Mit großem Schrecken, habe ich von den Ausschreitungen in Rosarno gelesen.
Rassismus, Sklaverei, Gewalt, Gegengewalt …
Im Bericht der Tagesschau habe ich gelesen, dass die meisten der in der Gegend von Rosarno lebenden 4.000 farbigen Immigranten nun mit Bussen nach Bari gefahren werden.
Sie haben für 25 EUR am Tag gearbeitet, wovon sie 5 EUR der örtlichen Mafia als Aufenthaltssteuer zahlen mussten. Die Immigranten erhalten diesen Hungerlohn als Erntehelfer.
Und genau bei diesem Wort, Erntehelfer, komme ich ins Grübeln.
Wie kommt es, dass unsere Dosentomaten in Deutschland so günstig sind? In vielen Supermärkten gibt es immer mindestens eine Sorte, bei der eine 400g Dose nur 50 Cent oder weniger kostet.

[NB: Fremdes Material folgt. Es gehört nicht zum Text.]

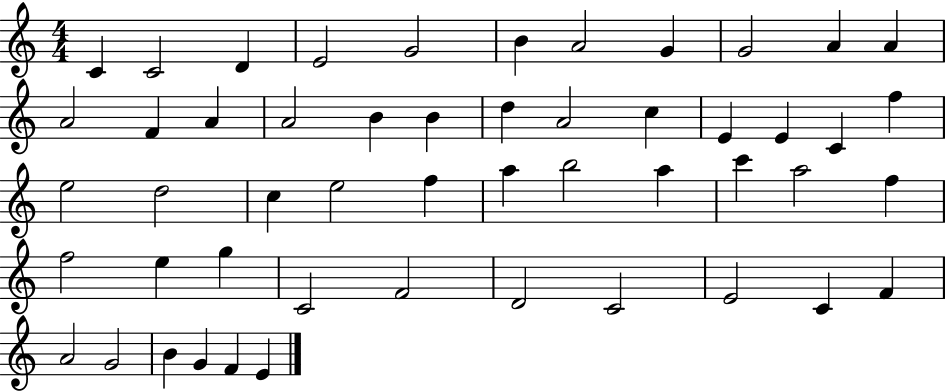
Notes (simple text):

C4/q C4/h D4/q E4/h G4/h B4/q A4/h G4/q G4/h A4/q A4/q A4/h F4/q A4/q A4/h B4/q B4/q D5/q A4/h C5/q E4/q E4/q C4/q F5/q E5/h D5/h C5/q E5/h F5/q A5/q B5/h A5/q C6/q A5/h F5/q F5/h E5/q G5/q C4/h F4/h D4/h C4/h E4/h C4/q F4/q A4/h G4/h B4/q G4/q F4/q E4/q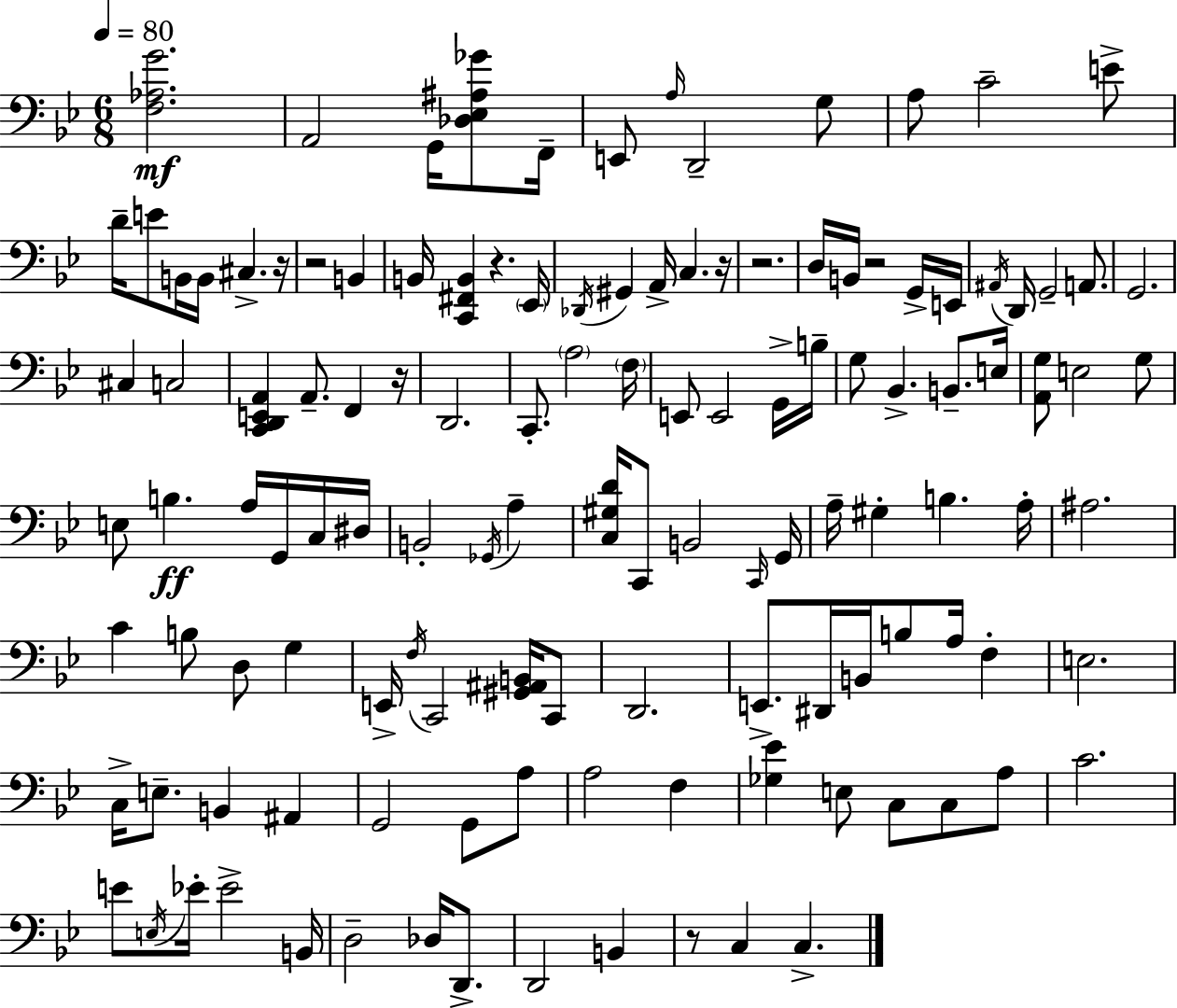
[F3,Ab3,G4]/h. A2/h G2/s [Db3,Eb3,A#3,Gb4]/e F2/s E2/e A3/s D2/h G3/e A3/e C4/h E4/e D4/s E4/e B2/s B2/s C#3/q. R/s R/h B2/q B2/s [C2,F#2,B2]/q R/q. Eb2/s Db2/s G#2/q A2/s C3/q. R/s R/h. D3/s B2/s R/h G2/s E2/s A#2/s D2/s G2/h A2/e. G2/h. C#3/q C3/h [C2,D2,E2,A2]/q A2/e. F2/q R/s D2/h. C2/e. A3/h F3/s E2/e E2/h G2/s B3/s G3/e Bb2/q. B2/e. E3/s [A2,G3]/e E3/h G3/e E3/e B3/q. A3/s G2/s C3/s D#3/s B2/h Gb2/s A3/q [C3,G#3,D4]/s C2/e B2/h C2/s G2/s A3/s G#3/q B3/q. A3/s A#3/h. C4/q B3/e D3/e G3/q E2/s F3/s C2/h [G#2,A#2,B2]/s C2/e D2/h. E2/e. D#2/s B2/s B3/e A3/s F3/q E3/h. C3/s E3/e. B2/q A#2/q G2/h G2/e A3/e A3/h F3/q [Gb3,Eb4]/q E3/e C3/e C3/e A3/e C4/h. E4/e E3/s Eb4/s Eb4/h B2/s D3/h Db3/s D2/e. D2/h B2/q R/e C3/q C3/q.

Entstehen diese Preise durch die Sklavenarbeit der Immigranten? Finanziere ich das als Verbraucher? Oder sind das ganz normale Preise und haben mit der Sklavenarbeit der Erntehelfer aus Rosarno nichts zu tun?
Ehrlich ich weiß es nicht. Aber es ist eine Frage die mir durch den Kopf geht, wenn ich Berichte wie diesen lese.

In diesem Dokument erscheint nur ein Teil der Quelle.